Precise orientation of the handle throughout the stages of the machine is critical to the process of preheating where the orientation must align with the alignment of heat shields, and for correctly placing the preform and the handle into the stretch-blow-moulding die.

Entry of Preforms and Handle Orientation—Third Preferred Embodiment

With reference now to FIGS. 4B to 4D, in this further preferred arrangement of a handle orientation mechanism 34b, injection moulded preforms 12 emerge one at a time from a bulk supply via, for example, a conveyor (not shown) to be deposited centrally onto a pair of contra-rotating, downward sloping rollers 11 and 13. The rollers 11 and 13 are so spaced as to allow the body 16 and handle 20 of each preform to drop through the gap between them but retain the wider diameter of the projecting collar below the neck 18 of the preform. The rollers 11 and 13 are mounted above a pair of spaced apart guide rails 15 and 17 (as best seen in FIG. 4D) similarly spaced as the gap between the rollers. As the bodies and the handles of the preforms drop through the gap between the rollers and that between the guide rails 15 and 17, the handles 20 are constrained into approximate alignment between these rails, but at this stage handles may be “leading” or “trailing” relative to movement in the downward direction shown in FIGS. 4C and 4D. Since it is a requirement imposed by the design of the blow-moulding machine described below, that preform handles at entry of preforms into the feeder wheel 36 must be in the trailing position, those leading must be turned around.

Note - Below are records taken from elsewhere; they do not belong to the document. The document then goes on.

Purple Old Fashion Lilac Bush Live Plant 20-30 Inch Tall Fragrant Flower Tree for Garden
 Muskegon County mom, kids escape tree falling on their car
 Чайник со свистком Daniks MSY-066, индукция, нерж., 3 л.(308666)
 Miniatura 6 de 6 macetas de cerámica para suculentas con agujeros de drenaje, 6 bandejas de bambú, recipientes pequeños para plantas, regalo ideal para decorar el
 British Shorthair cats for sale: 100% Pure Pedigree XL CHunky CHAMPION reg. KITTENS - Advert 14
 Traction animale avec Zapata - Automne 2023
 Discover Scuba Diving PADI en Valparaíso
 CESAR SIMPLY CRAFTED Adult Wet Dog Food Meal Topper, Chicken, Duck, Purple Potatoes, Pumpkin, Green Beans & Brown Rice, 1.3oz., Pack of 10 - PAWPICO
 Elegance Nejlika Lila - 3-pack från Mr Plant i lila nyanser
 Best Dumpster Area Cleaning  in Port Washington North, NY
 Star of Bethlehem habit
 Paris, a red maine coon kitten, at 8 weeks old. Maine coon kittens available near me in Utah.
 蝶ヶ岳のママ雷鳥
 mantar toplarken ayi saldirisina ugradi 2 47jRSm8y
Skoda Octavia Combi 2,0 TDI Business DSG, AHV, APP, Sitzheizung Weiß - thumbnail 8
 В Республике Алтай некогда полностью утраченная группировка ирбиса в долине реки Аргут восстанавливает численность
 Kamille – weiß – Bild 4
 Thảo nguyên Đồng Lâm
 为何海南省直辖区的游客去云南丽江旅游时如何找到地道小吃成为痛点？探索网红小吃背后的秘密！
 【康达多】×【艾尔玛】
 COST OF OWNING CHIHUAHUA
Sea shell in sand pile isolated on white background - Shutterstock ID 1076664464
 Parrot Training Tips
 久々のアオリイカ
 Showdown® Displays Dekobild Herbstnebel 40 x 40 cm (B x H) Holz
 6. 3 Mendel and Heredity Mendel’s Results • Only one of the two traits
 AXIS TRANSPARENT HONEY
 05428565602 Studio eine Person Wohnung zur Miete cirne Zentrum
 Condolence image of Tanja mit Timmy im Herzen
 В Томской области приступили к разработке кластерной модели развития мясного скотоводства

At the downward ends of the rollers, the preforms drop to the level of main support rails 19 and 21, so that preforms are now retained between these main support rails by their collars. A combination of gravity and pressure from following preforms forces each preform against the upward outer ends of side by side, contra-rotating auger screws 23 and 25 located on either side of a median vertical plane between the support rails. The flutes 27 of the auger screws are sized so as to capture between them the necks 18 of the preforms. The pitch of the auger screws is such as to separate preforms while being driven in the downward direction by the screws' rotation.

Generally coextensive with the length of one of the auger screws, (in the arrangement shown in the drawings, auger screw 25), the main support rail 21 is provided at its underside with a friction strip 29 (as best seen in the enlargement inset of FIG. 4D). This friction strip 29 projects slightly into the gap between the main support rails 19 and 21 so that its inner edge engages with the body of a preform as it progresses between the augers. This friction contact urges rotation of the preform in an anticlockwise direction as seen from above.

Also, approximately coextensive with the length of the auger screw 25 is a gap in the guide rail 17. Any rotation of an already trailing handle, will only force the handle into engagement with the opposite guide rail 15, and remain trailing. But, as can be seen from the enlarged inset of FIG. 4D, handles of preforms with handles leading at entry between the auger screws will gradually be rotated from the position where the handle is leading to it being in the trailing position, (being free to do so by the gap in guide rail 17) until these handles also are arrested from further rotation by the opposite guide rail 15. From here as can be seen from FIGS. 4C and 4D, the preforms, all with handles trailing, proceed down the main support rails 19 and 21 with the handles constrained between the now continuous guide rails 15 and 17 until they reach the final orientation operation at the feeder wheel 36.

As well as spacing and rotating preforms as they pass between the auger screws 23 and 25, the rotation rate of the auger screws is such as to deliver a preform to the feeder wheel 36 in synchronization with the rotation of that wheel. Furthermore, the rotation of the auger screws provides pressure to ensure preforms proceed down the main support rails.

Transfer to Preheating

Referring now to FIG. 5 and FIG. 6, a first rotating transfer system 42 is positioned adjacent the feeder wheel 36 with a continuously rotating carrier 44 of the first rotating transfer system 42 and the feeder wheel 36 contra-rotating one to the other.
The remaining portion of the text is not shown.